Sometimes we are eternal

Bally Foundation

Details

This autumn, Bally Foundation presents the first solo exhibition by Saudi-American artist Sarah Brahim: Sometimes we are eternal.

The exhibition brings together ten new installations, works produced specifically for the occasion, in an ensemble where all the pieces, while independent, trace the contours of an intimate landscape. What marks does memory leave on materials? How can we discern between memory and imagination? Spread over two floors, in a space reminiscent of a dance studio, video and sound installations, photographs and sculptures offer a score in which gestures and sounds question our presence in the world, our very physicality.

Sometimes we are eternal borrows its title from the words of Alain Badiou to describe the feeling of eternity that can sometimes inhabit us, a suture between the finite and the infinite that the artist lets us perceive in her works, the body itself becoming the trace of immanence within human finitude. The artist’s research is also inspired by artists and thinkers such as Lawrence and Anna Halprin, Pauline Oliveros or Aldo Rossi, and philosophers and practitioners as Moshe Feldenkrais and Philippe Descola, who have conceived of art as a heightened experience of life, a search for the unification of body, consciousness and environment.

While the foundation’s inaugural exhibition Un lac inconnu, featuring 22 international artists, offered a privileged dialogue with the landscape surrounding the Villa Heleneum, Sarah Brahim’s proposal is built around an intimate landscape: a resilient, luminous and poetic mental space, a kind of temporal distancing that separates the exhibition from an event that changed the artist’s life – the loss of a loved person – marking both a point of arrival and, above all, a new beginning.

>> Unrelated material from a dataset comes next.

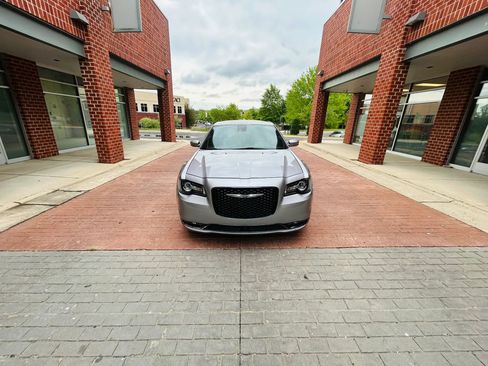 Used 2018 Chrysler 300 S w/ Safetytec Plus Group RWD image 2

Trained as a dancer, Sarah Brahim’s works take the form of a pas de deux, an intimate conversation between the body and its alterity, where the form of the exchange merges with its outline: a dialogue of interiority that aims to move from the flesh and gravity of the physical body to the «intrabody», to the imperceptible, the spiritual, the distant. Suspended bodies, breathing, marks, rhythms and rituals mingle together in multiple installations that extend movement.